Woman Knits With Child

I often ask myself why do I knit. I live in Queensland, Australia for goodness sake where it is very hot in the summer and warm in the winter. Certainly, there is little need for anything remotely woollen. Yet, I knit. All year round.

The answer to my question is, I think, one part simple (‘I have always knitted’) and two parts complex and it is here, I think, the concept of heritage comes into play.

The word heritage is a noun and refers to something being a tradition, something handed down from one generation to the next or an inheritance.

The craft of knitting has been a traditional skill handed down from one generation to the next. In my case Mum knitted, admittedly sporadically, but she did knit. She also taught my sisters and me how to knit but none of us really began knitting until adulthood. Knitting began in earnest for me while at university and consolidated with the arrival of children who just needed knitted cardigans and jumpers (I did live in New Zealand then and the winters were cold).

While I would like to think that this generational handing down of skills is still alive and well, it would be hard to deny the growth in people learning their skills via social media (You Tube for example) and/or knitting groups (both face-to-face and Facebook and other online groups like Ravelry).  The question to be asked here is: Have women’s lives changed so much in the last few decades that this skill of knitting and it’s teaching been lost.

I do not believe the answer is simple. Yes, women’s lives have changed but women still knitted. What it does highlight however is way in which our knitting lives have changed in recent times. Knitting has become a social activity, making connections with like-minded people through social media and knitting groups.
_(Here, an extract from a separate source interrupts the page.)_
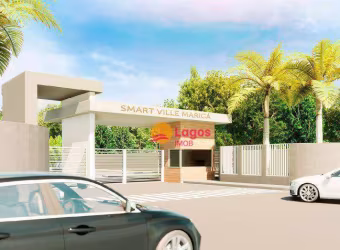 Casa à venda por R$ 264.900,00 - Ubatiba - Maricá/RJ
We not only knit to clothe ourselves and our families, we knit because it calms and soothes us, it allows us to explore our creativity and it reinforces our desire to slow down.
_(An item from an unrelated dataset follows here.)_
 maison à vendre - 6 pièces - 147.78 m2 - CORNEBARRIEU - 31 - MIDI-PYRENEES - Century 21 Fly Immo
 Regardless of how people come to knit, collectively, knitters are connected to a wider knitting heritage and this is highlighted by the historical evolvement of all the regional knitting practices that we have all admire and use in our own knitting. We are, I think, drawn to one style of knitting over another. For one knitter, it may be lace, for another it may be Fair Isle. While I love to pour over these designs and have knitted both, I am more drawn to Aran designs, the cable and motifs of which I find such satisfaction to knit.

The art and craft of knitting is changing yet one fact remains: We knit.